In the audio domain, notable applications include ByteDance’s use of SplitMeanFlow34 for their speech synthesis products, and Continuous Audio Language Models46 (CALM), which have been applied to speech and music generation (samples of both are available here).

Efficient steering and post-training

Diffusion sampling is very malleable, with tweaks such as guidance proving highly effective in many applications. People have wanted to steer diffusion sampling based on arbitrary reward signals, but this is actually not straightforward: these signals are usually defined in terms of clean data, but during sampling, we only have noisy intermediate states. So by default, we can only really estimate rewards at the end of sampling. Unfortunately, by then, there is no more possibility for steering, so that defeats the point.

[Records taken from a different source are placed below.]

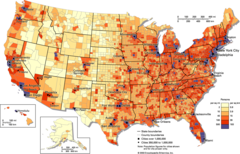 <p>A map that uses differences in shading or coloring to indicate statistical ranges.</p>
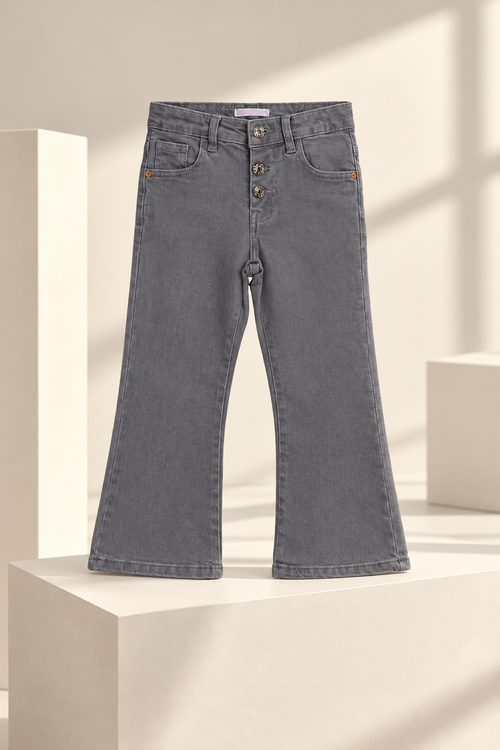 Grey Flare Girl's Denim Pant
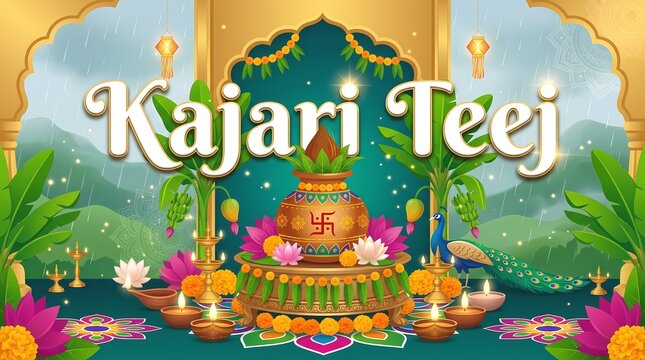 Kajari teej festival greeting with traditional pot and oil lamps in a decorative floral background
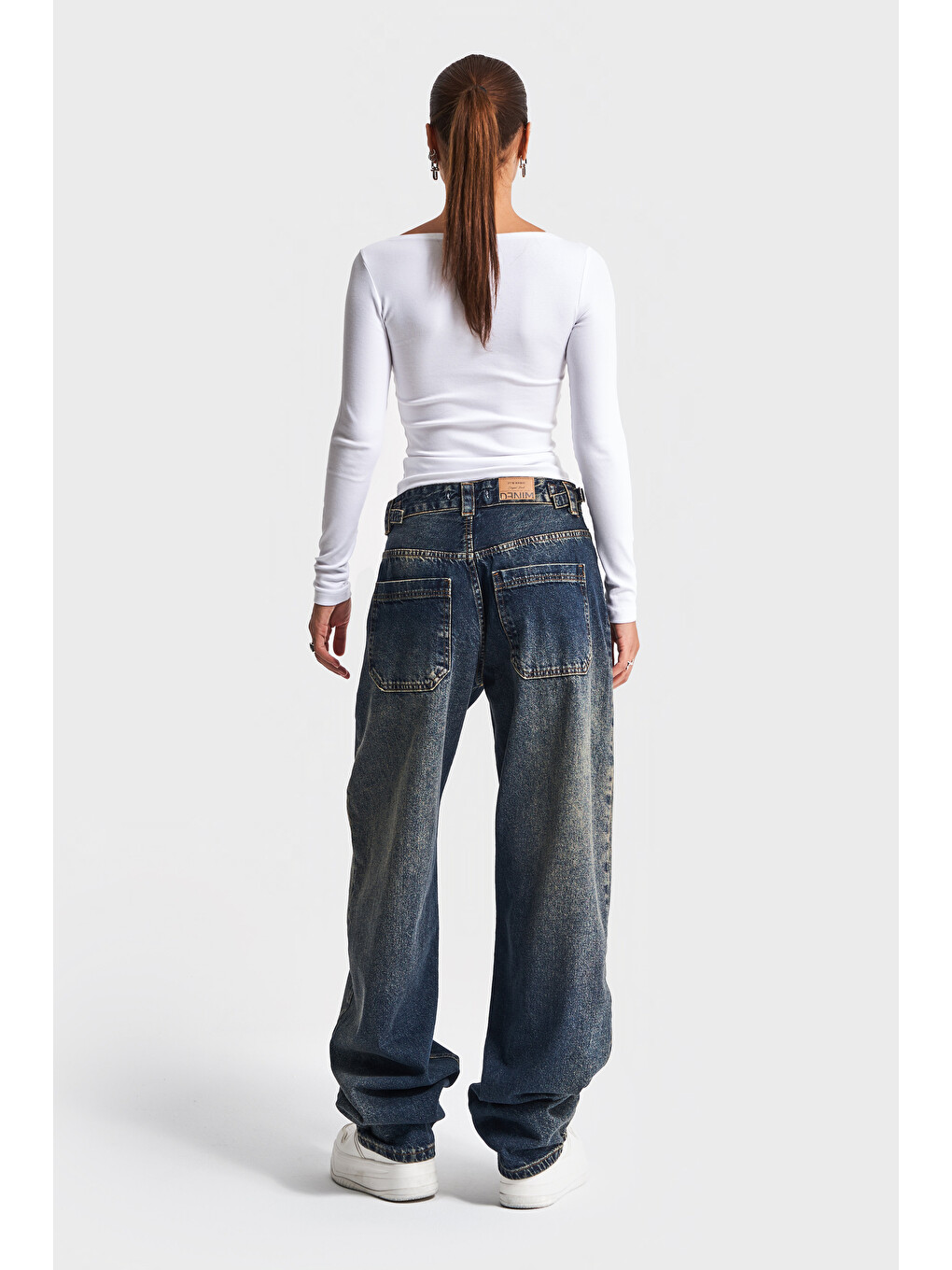 Mavi Baggy Fit Kemer Detaylı Denim Jean-4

Reward-based steering requires an efficient way to look ahead at where the sample will end up. It should be differentiable, so that we can backpropagate reward signal gradients and use them to steer sampling. Several strategies have been explored for this:

In some cases, the reward signal can be adapted so it is robust to noise, e.g. by training a classifier with noise augmentation to use for classifier guidance;
Single-step diffusion sampling can be used, i.e. directly predicting $\hat{\mathbf{x}}_0$ from the current noisy state $\mathbf{x}_t$ in one pass47 48. This is sometimes referred to as Tweedie’s formula. It is a fast and differentiable way to do look-ahead, but it produces blurry results. Most off-the-shelf models used to calculate reward signals are more robust to blurry inputs than to Gaussian noise, so this can still be a significant improvement.
Sequential Monte Carlo49 (SMC) involves drawing many samples in parallel. At each time step, trajectories with low reward scores (which can be evaluated using single-step diffusion sampling, for example) are removed, and trajectories with high scores are duplicated to replace them. This does not require backpropagating reward gradients, but it is quite expensive.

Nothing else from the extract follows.